O que essa notícia tem ver com o título do artigo? Sem qualquer tipo de ironia, quando um decreto presidencial obriga que espaços d0e poder privilegiados devam ceder 30% desses mesmos espaços para negros e negras, significa que ficará garantida por legislação a permanência de 70% de brancos nos referidos cargos. Para muitos soa como um Cavalo de Tróia no âmbito das ações afirmativas, pois, o que era dissimulado agora será escancarado.
Uma avaliação bem pueril mostrará que, segundo o IBGE, a população negra brasileira corresponde a 54% do total da população.
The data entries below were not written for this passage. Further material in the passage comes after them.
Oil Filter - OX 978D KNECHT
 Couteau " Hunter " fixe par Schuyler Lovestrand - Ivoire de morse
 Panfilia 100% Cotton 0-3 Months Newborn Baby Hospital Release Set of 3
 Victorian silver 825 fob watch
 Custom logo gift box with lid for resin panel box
Restam as perguntas que não querem calar: "quem foi o “gênio” que definiu 30% para negros e negras?" "Qual a explicação plausível em se garantir 70% para brancos?"
O decreto traz em seu âmago tênues sinais de justiça, mas na verdade, apenas aponta que mesmo em um governo que se diz progressista, há uma alteridade racial incrustada. Não há o que defender, se no próprio ministério do atual governo negras e negros representam menos de 20% do total de ministros e ministras da esplanada.
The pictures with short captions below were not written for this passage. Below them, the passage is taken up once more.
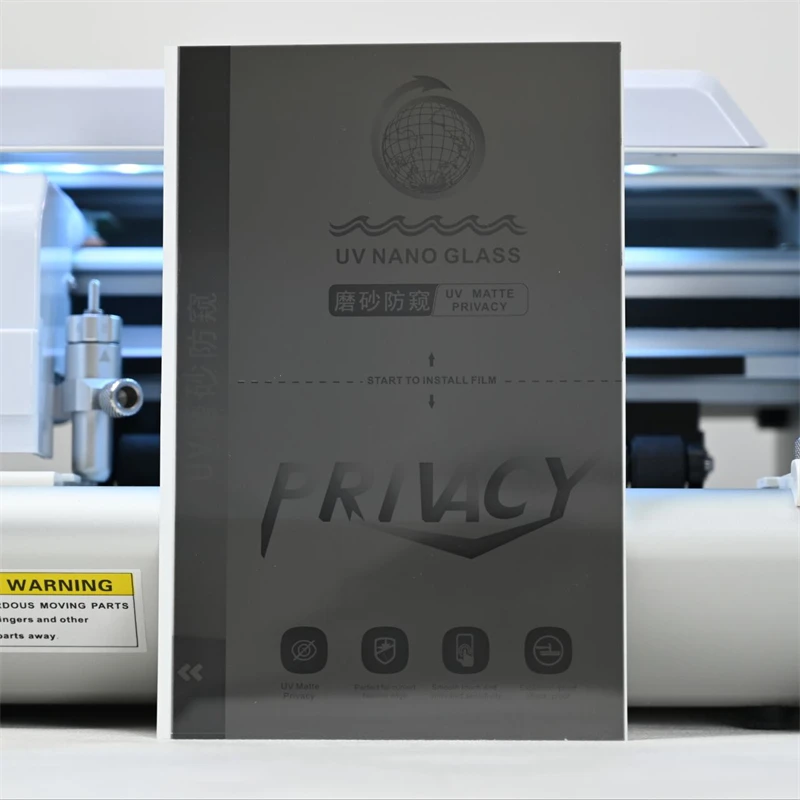 VORMIR 50pcs Filme De Privacidade UV Film Nano Glass Screen Protectors for Curved Screen Mobile Phone Hydrogel Movies Machine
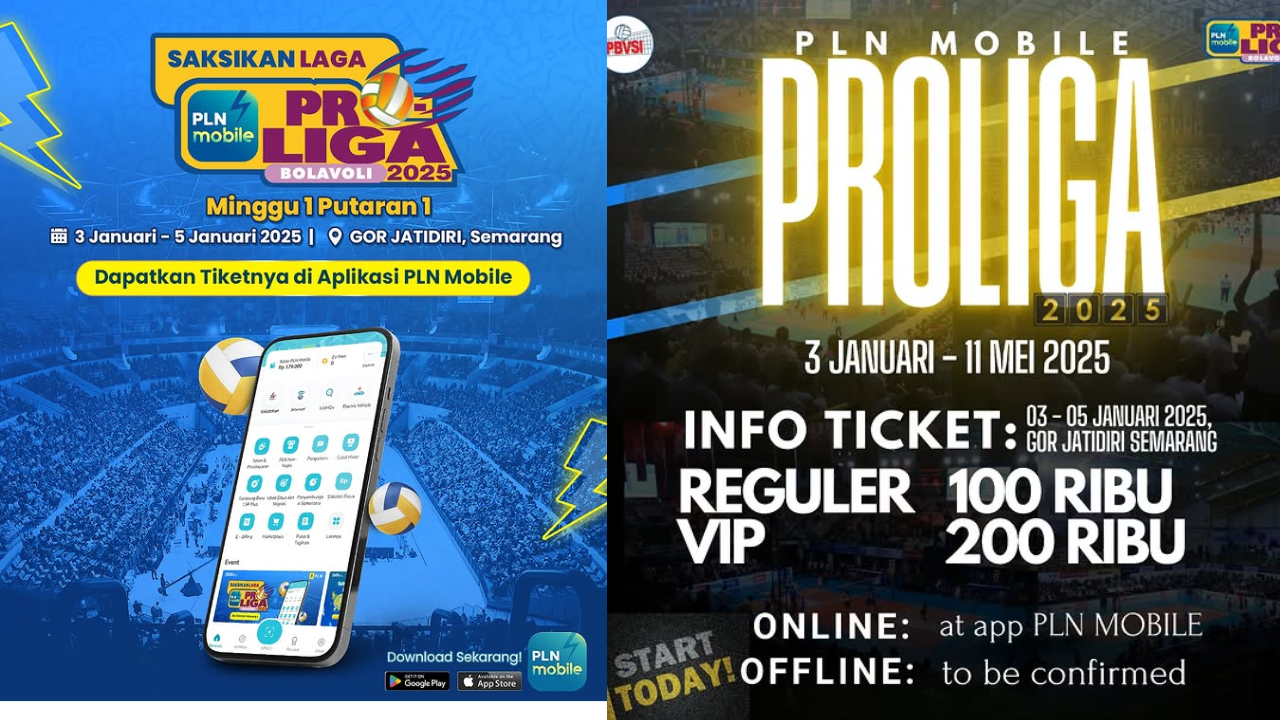 Link dan Cara Beli Tiket Proliga 2025, Harga Mulai Rp100 Ribu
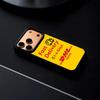 Модный Чехол для Телефона INS D-DHL Логотип Для IPhone 17 16 15 14 13 12 Pro Max Plus Черная Рамка Жесткий Корпус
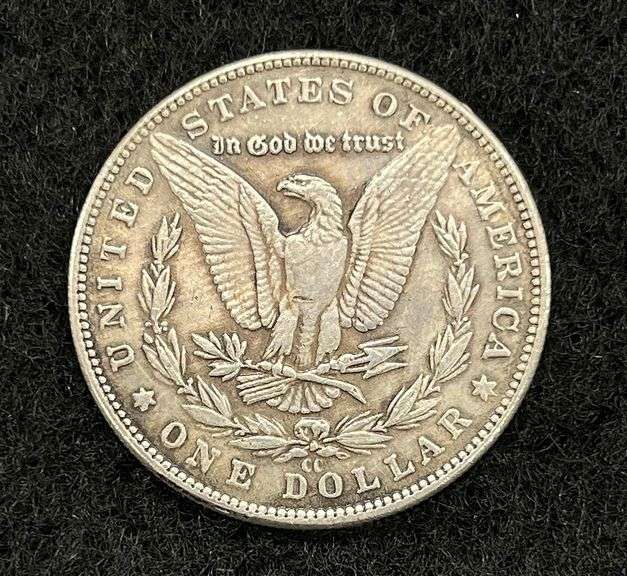 Scarce 1891-CC Morgan Dollar, VF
Se procedermos uma tosca análise histórica no campo das reparações, depois de tudo que o povo negro sofreu nesse país para gerar riqueza e poder para os brancos, o decreto deveria garantir 100% desses cargos comissionados para negros e negras, que desde 1532 estão apartados de todas as formas de promoção pessoal, intelectual, social e financeira nesse país. Nesses quase 500 anos de desventuras, desde a chegada do primeiro navio negreiro, os brancos sempre ocuparam 100% dos melhores e mais vantajosos cargos da administração pública.
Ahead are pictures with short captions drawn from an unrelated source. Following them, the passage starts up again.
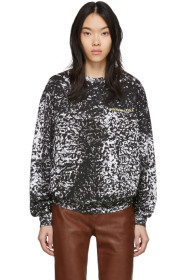 Eckhaus Latta - Black & White Astrakhan Sweatshirt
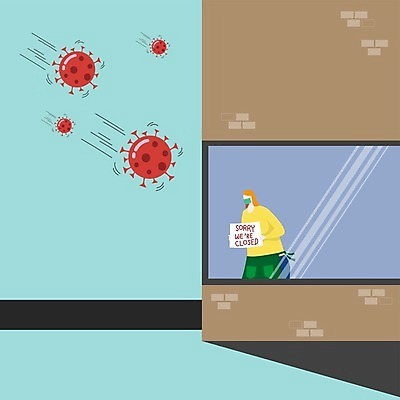 EPS 해외이미지 캠페인 일러스트 회사 비즈니스 사업가 매달리기 건강 사람 경제 문 상점 도시 바이러스 닫기 질병 작음 종업원 사인 잠금 공포 충격 문제 소매 주인 빚 고립 고용 셀프 소셜 위기 전염병 주목 해외일러스트 직업 의학 모션 구직 크기 보안 채용 파일형식 벡터 이미지허브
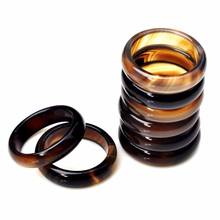 PINKSEE кольцо на палец из натурального камня, ювелирные изделия 5-6 мм, граненые кольца, вечерние свадебные кольца для женщин и девочек 2024 - купить недорого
A comemoração do movimento negro nesse aspecto, equivale à criança que está no sinal de trânsito esmolando e recebe uma moedinha que lhe é atirada pelas janelas dos veículos, e agradecida por isso, sai saltitando de felicidade pelas ruas.
O pacto com a branquitude continua de vento em popa. Ao dar 30% dos cargos para os negros efusivamente e garantindo 70% para os brancos no “sapatinho”, o governo evita que sejam publicados editoriais iracundos sobre a medida e ao mesmo tempo garantea láurea de promotor da “pax racial brasileira”, cumprindo assim a verve dos bons políticos que é a infinita vocação de encantar serpentes.
A política é assim, em uma jogada genial, todos ficam felizes e satisfeitos e tudo continua como dantes no quartel de Abrantes. Óbvio que mudanças acontecerão. Alguns servidores negros terão um plano de saúde melhor, enviarão os filhos para a Disney, jantarão fora uma vez por semana e trocarão o Celta caidinho pelo Fiat Strada. No fundo, cá pra nós, já é alguma cois. Mas Letramento Racial na BNCC nada.
O decreto não atingirá grande amplitude no conjunto de servidores federais. A maioria dos concursados aprovados nos últimos anos nos concursos públicos é esmagadoramente branca. Será uma gota d’água no oceano, mas parafraseando Madre Teresa de Calcutá, mesmo sendo uma gota d'água no oceano, o oceano da branquitude ficará um pouquinho menor.